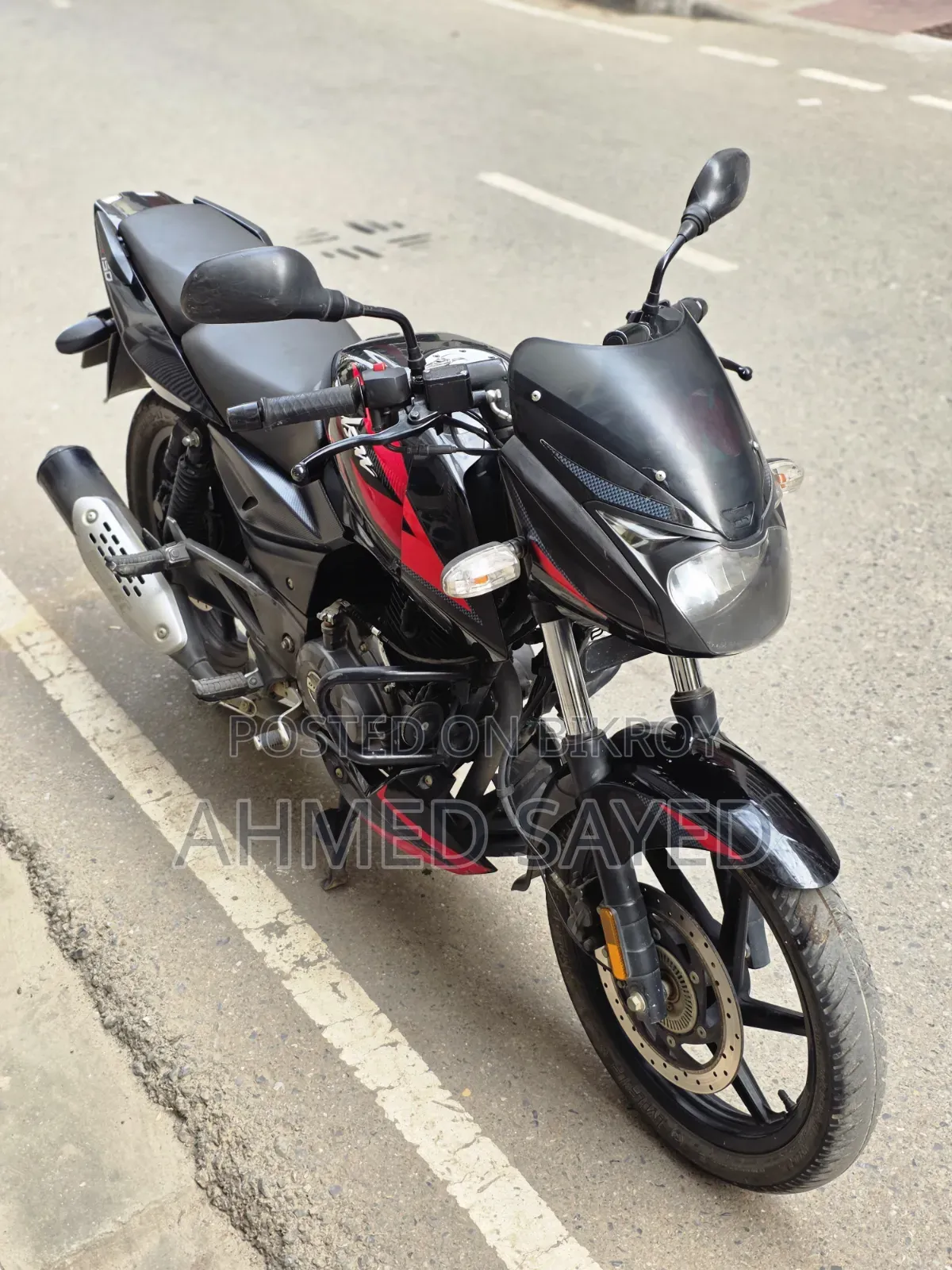 Bajaj Pulsar 150 2021 Black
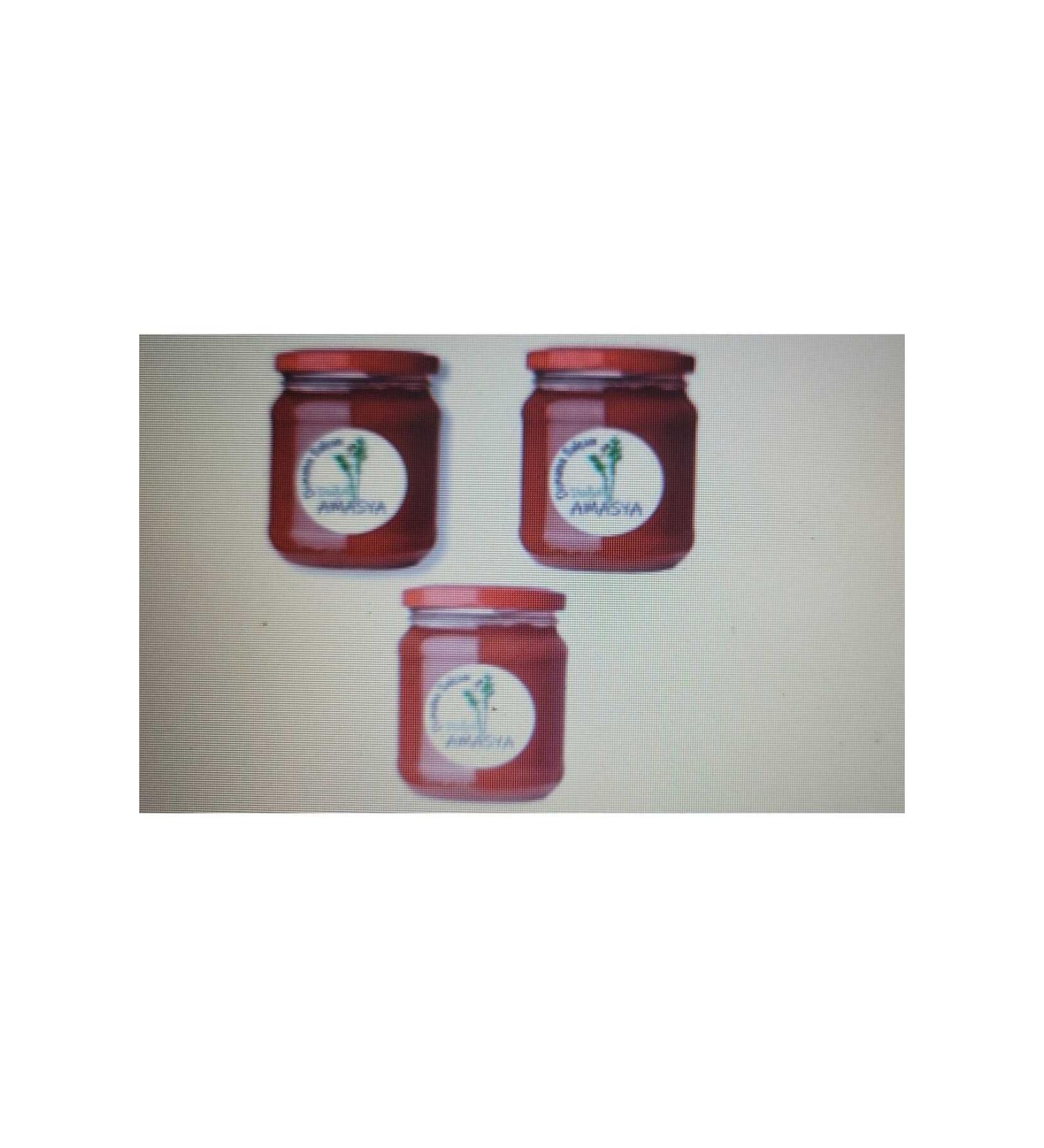 Natural Amasya 0 Natural Homemade Tomato Paste Brut 3 Kg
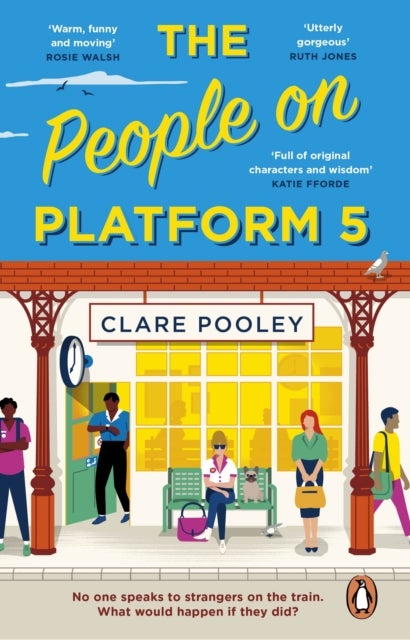 Bilde av The People On Platform 5 Av Clare Pooley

* * *

◆ **WORK INSTRUCTION**:
Copy the data exactly. Pictures do not belong in the copy.

◆ **EXERCISE RESULT**:
 Bajaj Pulsar 150 2021 Black
 Natural Amasya 0 Natural Homemade Tomato Paste Brut 3 Kg
 Bilde av The People On Platform 5 Av Clare Pooley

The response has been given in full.